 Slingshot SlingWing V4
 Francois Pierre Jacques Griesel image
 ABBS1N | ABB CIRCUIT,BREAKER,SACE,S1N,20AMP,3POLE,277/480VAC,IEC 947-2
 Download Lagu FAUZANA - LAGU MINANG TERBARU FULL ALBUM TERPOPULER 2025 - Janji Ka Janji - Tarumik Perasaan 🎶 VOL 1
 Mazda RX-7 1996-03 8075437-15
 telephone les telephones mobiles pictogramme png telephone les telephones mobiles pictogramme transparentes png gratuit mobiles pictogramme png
- - - - - - -
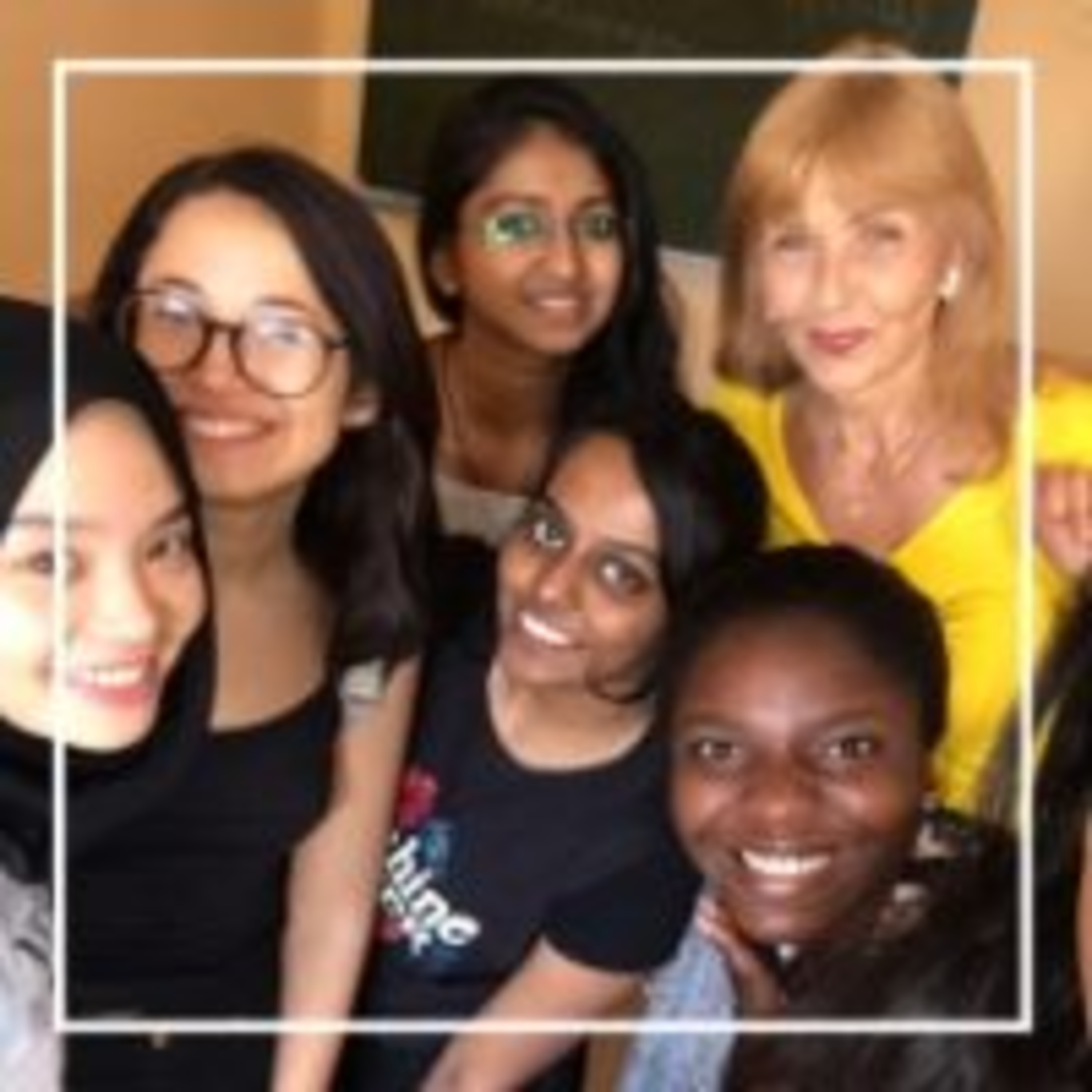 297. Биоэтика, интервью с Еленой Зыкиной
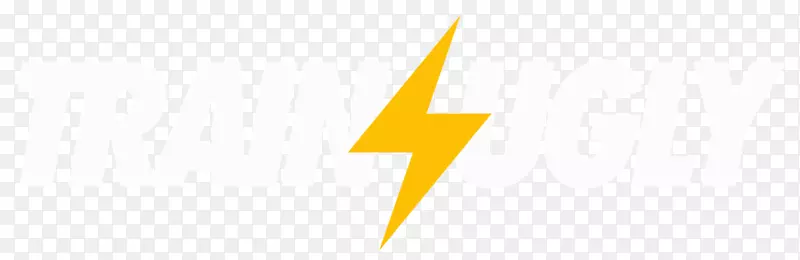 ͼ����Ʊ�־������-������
- - - - - - -
▶ **Task brief**:
Write out exactly the lines that fall from the line with "ABBS1N | ABB" to the line with "telephone les telephones mobiles pictogramme png" in the records above, keeping both ends.

▶ **Solution to this task**:
 ABBS1N | ABB CIRCUIT,BREAKER,SACE,S1N,20AMP,3POLE,277/480VAC,IEC 947-2
 Download Lagu FAUZANA - LAGU MINANG TERBARU FULL ALBUM TERPOPULER 2025 - Janji Ka Janji - Tarumik Perasaan 🎶 VOL 1
 Mazda RX-7 1996-03 8075437-15
 telephone les telephones mobiles pictogramme png telephone les telephones mobiles pictogramme transparentes png gratuit mobiles pictogramme png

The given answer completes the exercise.